Les voix émouvantes et apaisantes de la Grande Mosquée sont attendues dans le monde entier pendant le ramadan

  • Les prières et les appels résonnent depuis des siècles à La Mecque
  • Bilal ben Rabah a lancé le premier appel à la prière depuis le toit de la Kaaba en l’an 630 (an 8 de l’Hégire)

LA MECQUE: Depuis des siècles, elles résonnent dans la Grande Mosquée de La Mecque: les voix émouvantes et apaisantes des muezzins appelant les croyants et des imams animant les prières cinq fois par jour.

Le Dr Mansour al-Dajani, chercheur sur l’histoire de La Mecque, a récemment expliqué à Arab News que le premier appel à la prière, à midi dans la Grande Mosquée, a été lancé depuis le toit de la sainte Kaaba par Bilal ben Rabah, compagnon du prophète Mahomet. Cet appel a été lancé sur l’ordre du Prophète le jour de la conquête de La Mecque, en l’an 630 (an 8 de l’Hégire).

«À l’époque, la Grande Mosquée était aussi grande que le Mataf (aire de circumambulation autour de la Kaaba de La Mecque) et n’était entourée d’aucun mur, ni d’aucun minaret. Les minarets sont apparus pour la première fois en l’an 754 (an 137 de l’Hégire) sous le règne du calife abbasside Abou Jafar al-Mansour, qui a construit le premier minaret, connu sous le nom de Bab al-Omra, dans l’angle ouest du côté nord de la Grande Mosquée.»

Ce minaret était une haute tour attachée ou adjacente à la mosquée.
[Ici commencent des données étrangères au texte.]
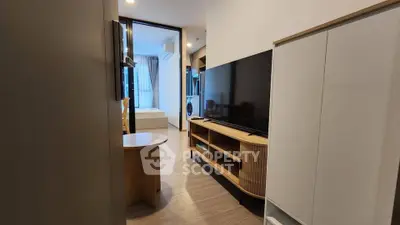 Modern apartment interior with sleek TV unit and cozy bedroom view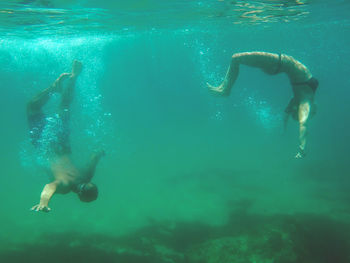 People swimming in sea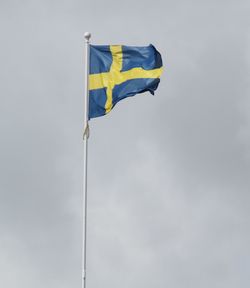 Low angle view of flag against sky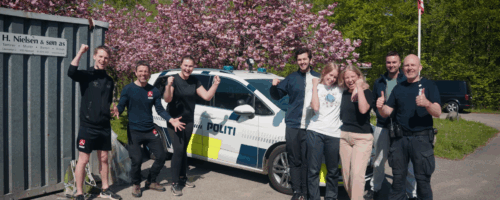 Elever og undervisere foran en politibil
Il faisait partie intégrante de la mosquée et était conçu pour que l’appel à la prière puisse être entendu haut et fort dans toute la ville.

«Ce minaret et ceux qui ont été construits après lui étaient utilisés pour réciter l’appel à la prière dans la Grande Mosquée. Le chef des muezzins lançait l’appel à la prière depuis le minaret de Bab al-Omra, puis tous les muezzins le suivaient sur les autres minarets. Par la suite, le minaret de Bab al-Salam est devenu la plate-forme du chef des muezzins pour l’appel à la prière, et au XVIe siècle (Xe siècle de l’Hégire), le chef des muezzins a utilisé le dôme de Zamzam pour lancer l’appel à la prière», précise le Dr al-Dajani.

Les haut-parleurs de la Grande Mosquée ont été installés pour la première fois en 1947, sous le règne du roi Abdelaziz.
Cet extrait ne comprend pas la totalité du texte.